- _Data extract_:
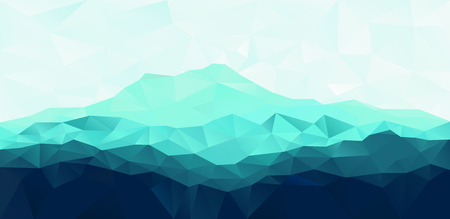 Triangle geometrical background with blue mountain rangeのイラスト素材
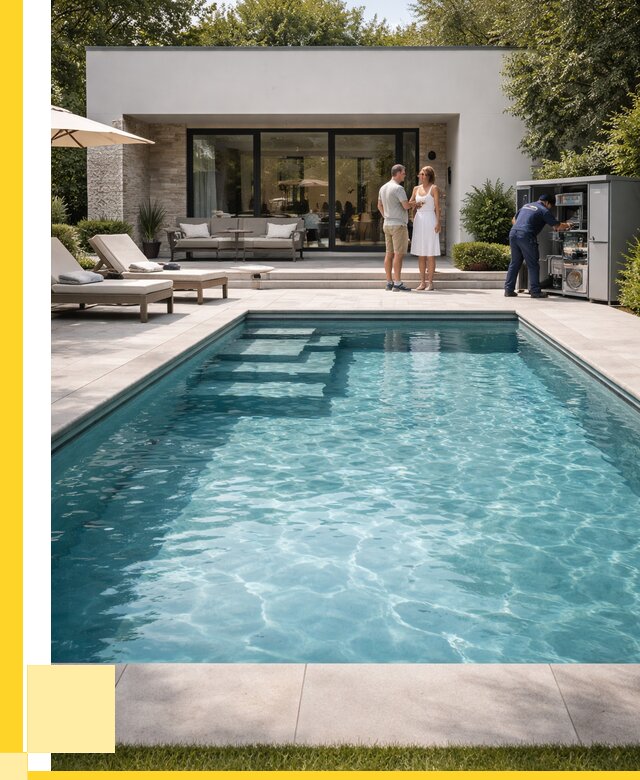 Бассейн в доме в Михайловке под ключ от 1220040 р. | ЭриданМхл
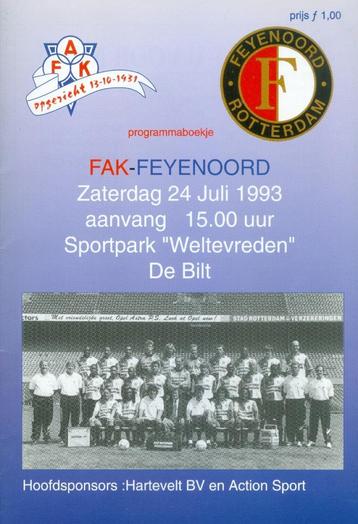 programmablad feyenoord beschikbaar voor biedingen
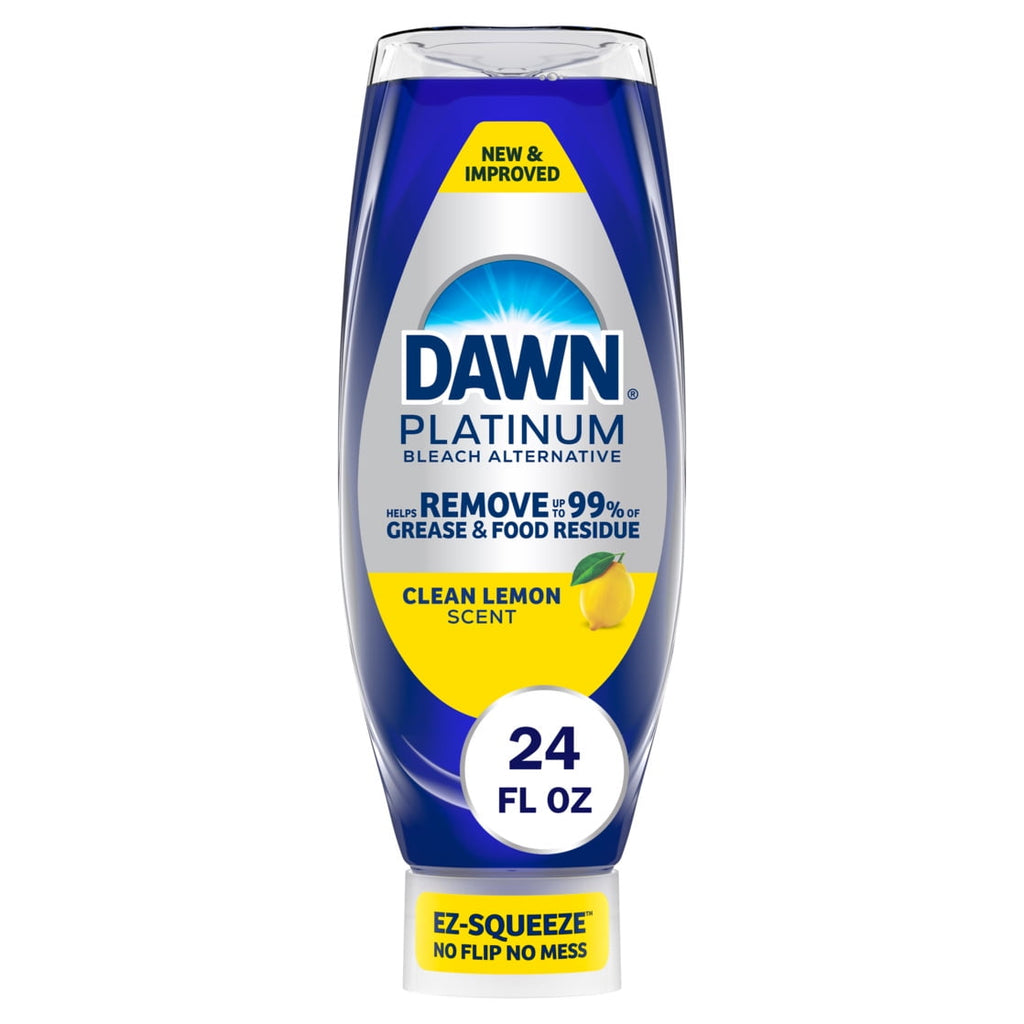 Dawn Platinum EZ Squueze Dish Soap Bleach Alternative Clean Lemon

- _Work item_:
Without including any pictures, set down word for word every line from the one containing "programmablad feyenoord beschikbaar" through the last line of the material.

- _Your solution_:
 programmablad feyenoord beschikbaar voor biedingen
 Dawn Platinum EZ Squueze Dish Soap Bleach Alternative Clean Lemon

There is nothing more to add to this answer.